* **What is needed**:
The whole listing should come back exactly as written, except for the pictures.

* **Information shown**:

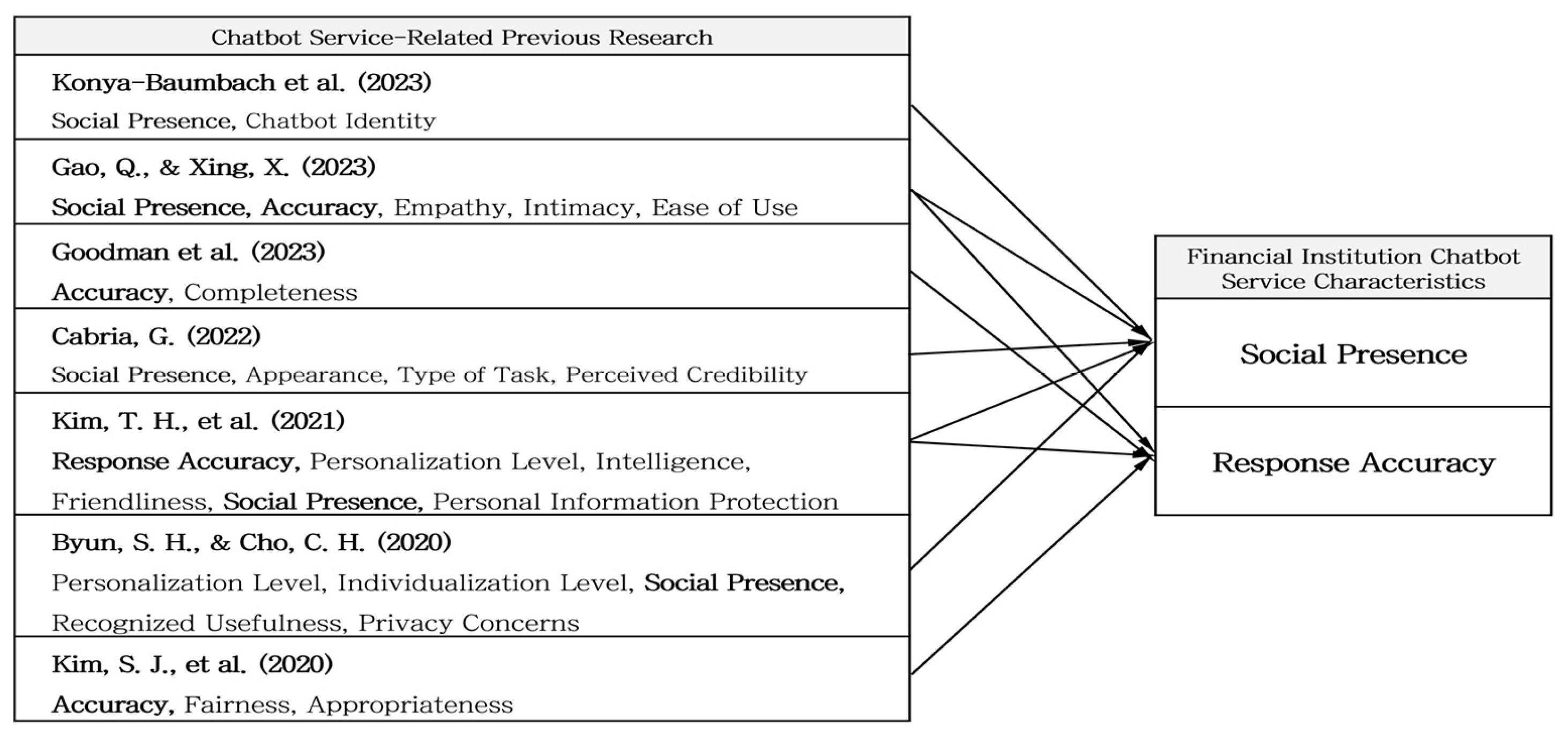 Preprints 150494 g002
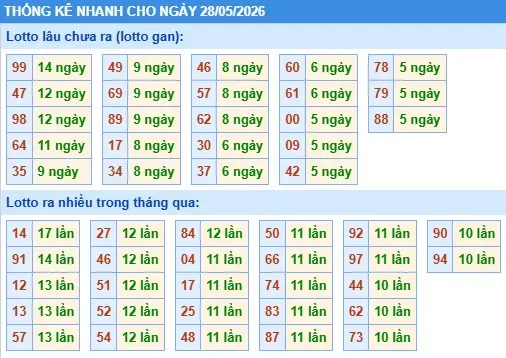 Thống kê lô nhanh cho ngày 28-05-2026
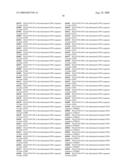 COMPOSITIONS AND METHODS FOR THE THERAPY AND DIAGNOSIS OF BREAST CANCER diagram and image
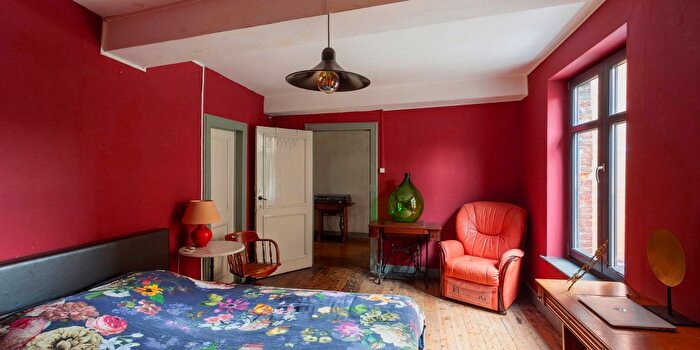 Huizen Koop Huur - 2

* **Exercise output**:
 Preprints 150494 g002
 Thống kê lô nhanh cho ngày 28-05-2026
 COMPOSITIONS AND METHODS FOR THE THERAPY AND DIAGNOSIS OF BREAST CANCER diagram and image
 Huizen Koop Huur - 2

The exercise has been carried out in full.